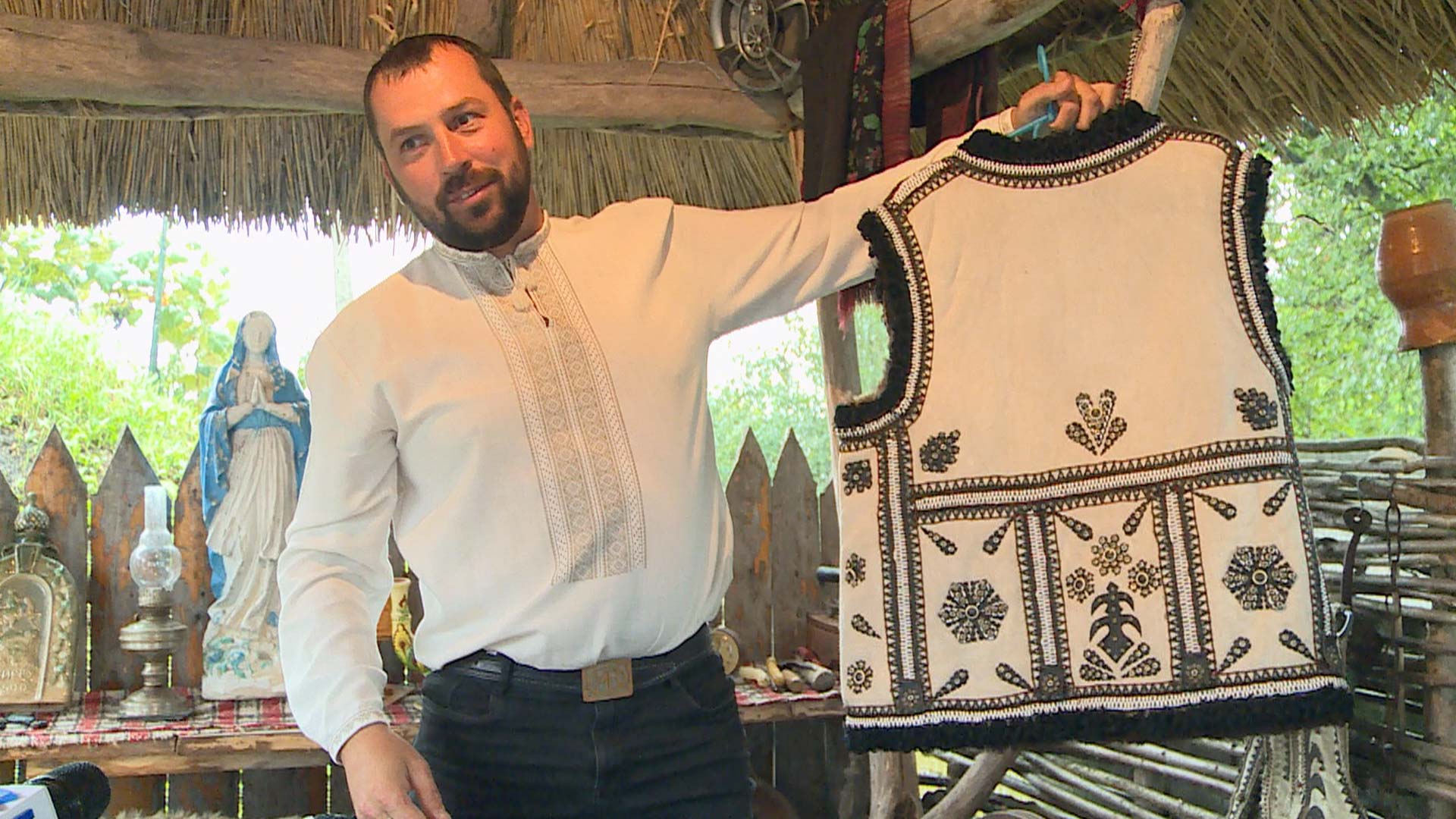 Житель Коломийщини реставрує старовинні кептарі та створює нові (ВІДЕО)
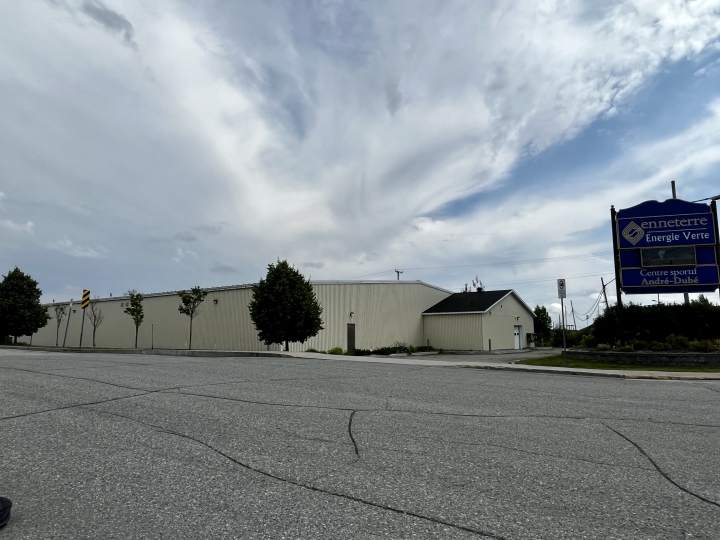 Senneterre reçoit une subvention de près de 2,4 millions de dollars pour la modernisation de son aréna.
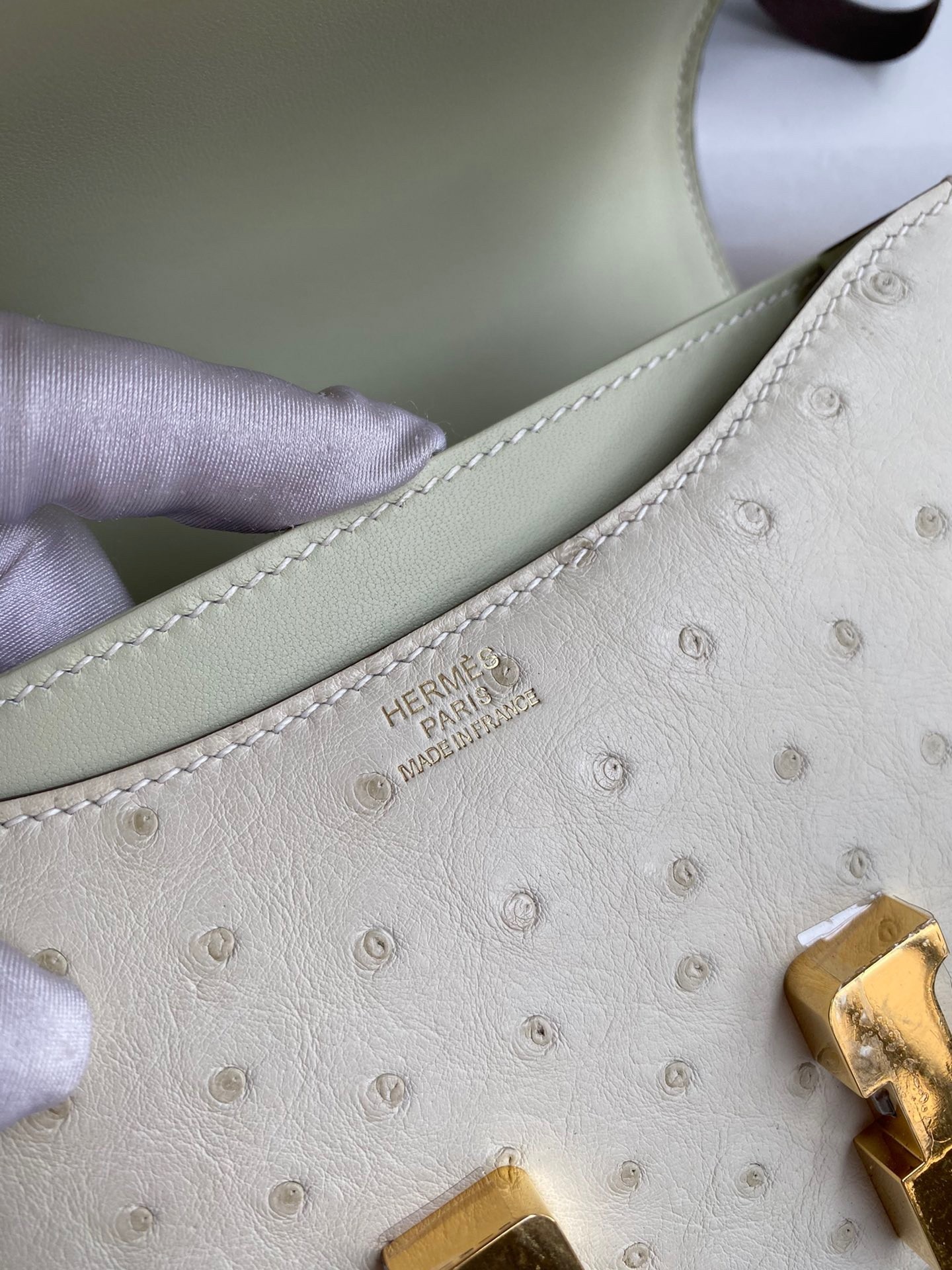 H**mes constance 18 handmade bag in parchemin ostrich leather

Exercise details: Give the data again exactly as it stands, apart from the pictures.

Response to the task:
 Житель Коломийщини реставрує старовинні кептарі та створює нові (ВІДЕО)
 Senneterre reçoit une subvention de près de 2,4 millions de dollars pour la modernisation de son aréna.
 H**mes constance 18 handmade bag in parchemin ostrich leather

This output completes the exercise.